I am happy when lenders proactively stop working with bad mortgage broker clients. One common practice that I find annoying is when an originator doesn’t deliver a loan once it has been locked with a lender. It’s not uncommon to hear that some originators regularly break a lock if rates improve. Oftentimes they do this to pocket additional yield spread and give the customer the same originally promised rate.
The problem with this practice is that it costs the lender money every time a mortgage originator doesn’t deliver a promised loan. This cost ultimately gets passed onto everybody else in the form of increased rates.
It is nice to see that some lenders are now cutting these originators off from their source of funds and helping the good originators as a result. I applaud the efforts of Provident Funding.
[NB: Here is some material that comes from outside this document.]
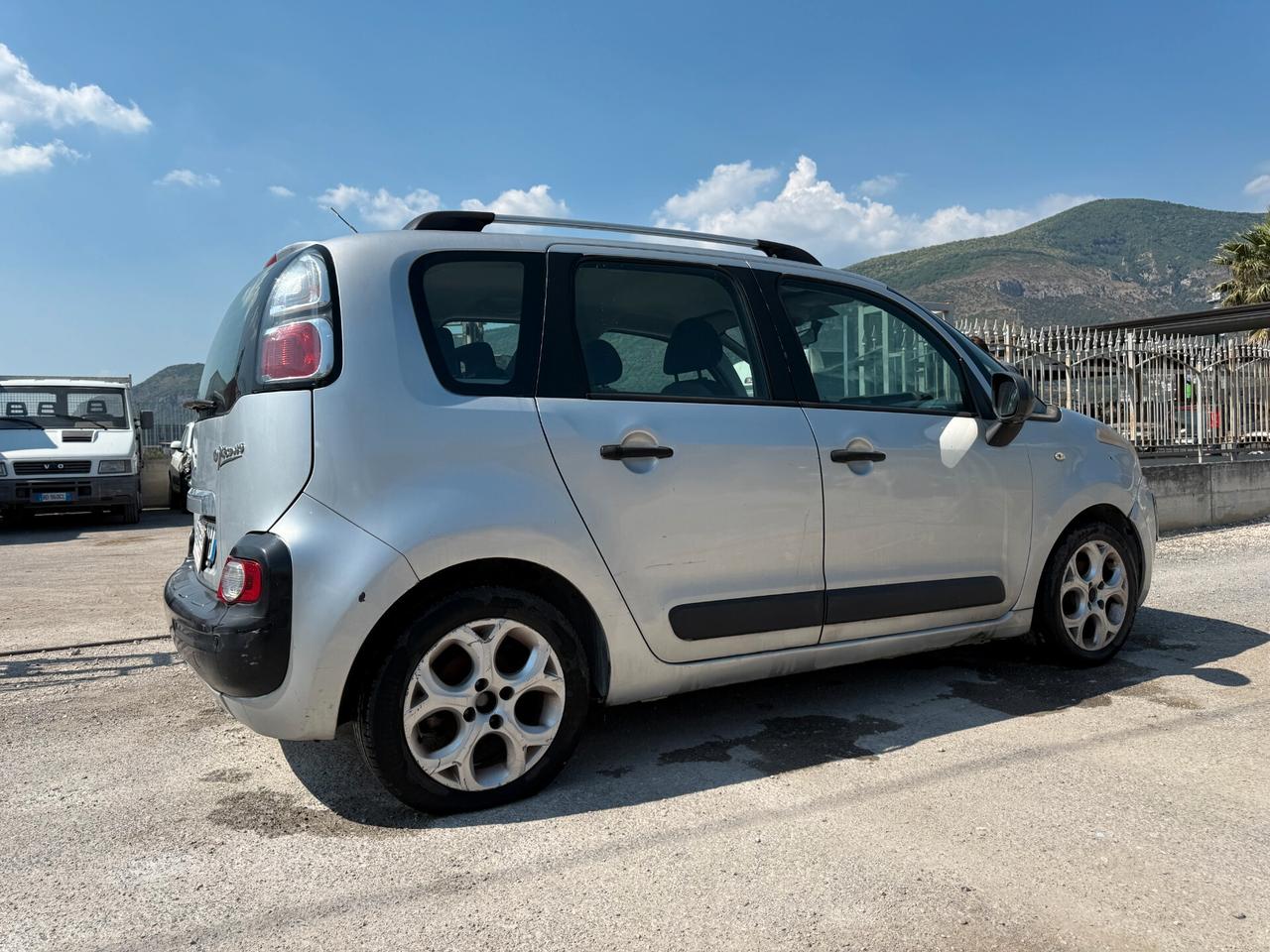 CITROEN C3 PICASSO ANNO 2010 1.4 BENZ/GPL * LEGGI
Let the originators that manipulate loopholes on a regular basis go work with lenders that will put up with it. The J. Berman Group customers shouldn’t have to pay more because others try to beat the system for their own benefit.
Here is the explanation from Provident.
Controlling our costs is a major factor enabling Provident Funding to remain “the industry price leader”. When we commit a fixed price to you for a specific time period, we must honor that price. We take interest rate risk to guarantee to you a price we may not be able to secure in the market when we sell your loan. Managing that risk can be costly if an account fails to keep their commitment to close the loan with us.
Logically then, Provident Funding places a great deal of importance on closing every locked loan within the agreed upon time period so we monitor our accounts locked fallout.
Fallout = loans that an account locks and subsequently does not fund with us.
Effective immediately Provident Funding is terminating all Tier 3 accounts in accordance with our philosophy and agreement with you.